International Cricket Council
- ICC status: Associate member (1966)
- ICC region: Americas

International cricket
- First international: v. Canada at Victoria; 2 September 2006

One Day Internationals
- Women's World Cup Qualifier appearances: 1 (first in 2008)
- Best result: 8th (2008)

T20 Internationals
- T20Is: Played / Won/Lost
- Total: 0
- This year: 0

= Bermuda women's national cricket team =

The Bermuda women's national cricket team represents the British overseas territory of Bermuda in international women's cricket matches. The team made its international debut in 2006 and qualified for the 2008 Women's Cricket World Cup Qualifier, but has played no international matches since 2012.

==History==
===Background===
Women's cricket in Bermuda dates to the late 1930s, when Black Bermudian women excluded from white establishments like tennis clubs established a social cricket competition. In 1943 a cup was donated, but the women's cricket scene later declined. The sport underwent a revival in the 1970s due to sponsorship from local hotels, who sponsored teams made up of their employees.

===Establishment of national team===
A women's national squad was established by the Bermuda Cricket Board (BCB) in April 2006. The team made its international debut against Canada in September 2006, playing a three-match 50-over series for the right to represent the ICC Americas region at the 2008 Women's Cricket World Cup Qualifier. Captained by Terry-Lynn Paynter, Bermuda lost the first match by five wickets but rebounded to win the second game by 24 runs and the third by three runs to clinch qualification for the World Cup QUalifier.

At the 2008 World Cup Qualifier in South Africa, Bermuda lost all five of its matches by heavy margins.

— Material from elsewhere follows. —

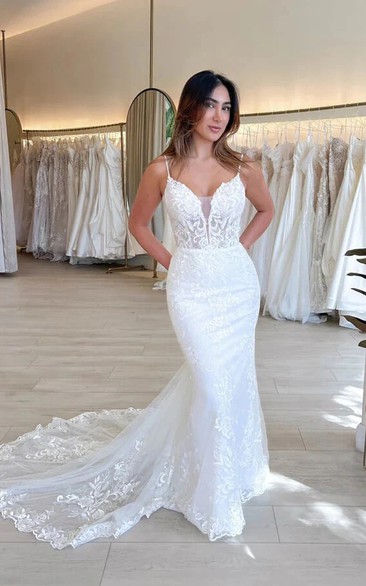 Spaghetti Sexy Mermaid Lace Wedding Dress with Tulle Train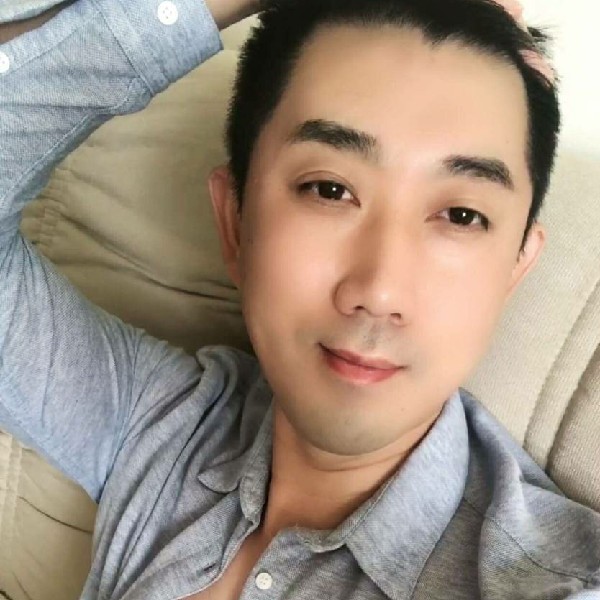 陌颜深拥开心的照片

Against South Africa, Bermuda was dismissed for only 13 runs from 18 overs. Only three batters managed to score, with team captain Linda Mienzer recording one run from 48 deliveries faced, and extras accounting for ten runs. In response, South Africa took only four balls to record a ten-wicket victory.

Bermuda played five matches at the 2012 ICC America's Women's T20 Championship in Cayman Islands, winning only against Brazil. Their match against Cayman Islands was washed out.

===Disbandment, T20I status and revival===
By 2015, the national women's squad had been disbanded with efforts underway to re-establish a senior women's league.

In April 2018, the International Cricket Council (ICC) granted full Women's Twenty20 International (WT20I) status to all its members. Therefore, all Twenty20 matches played between Bermuda women and other ICC members after 1 July 2018 have the full WT20I status.

In 2021, the Bermuda Cricket Board (BCB) established a women's cricket development program with three club teams. The BCB announced in 2022 that it had secured sponsorship for the women's team from an insurance firm, as part of its five-year strategic plan. A national women's twenty20 league with at least four clubs was announced in 2023, one of the preconditions for Bermuda to receive invitations to ICC tournaments.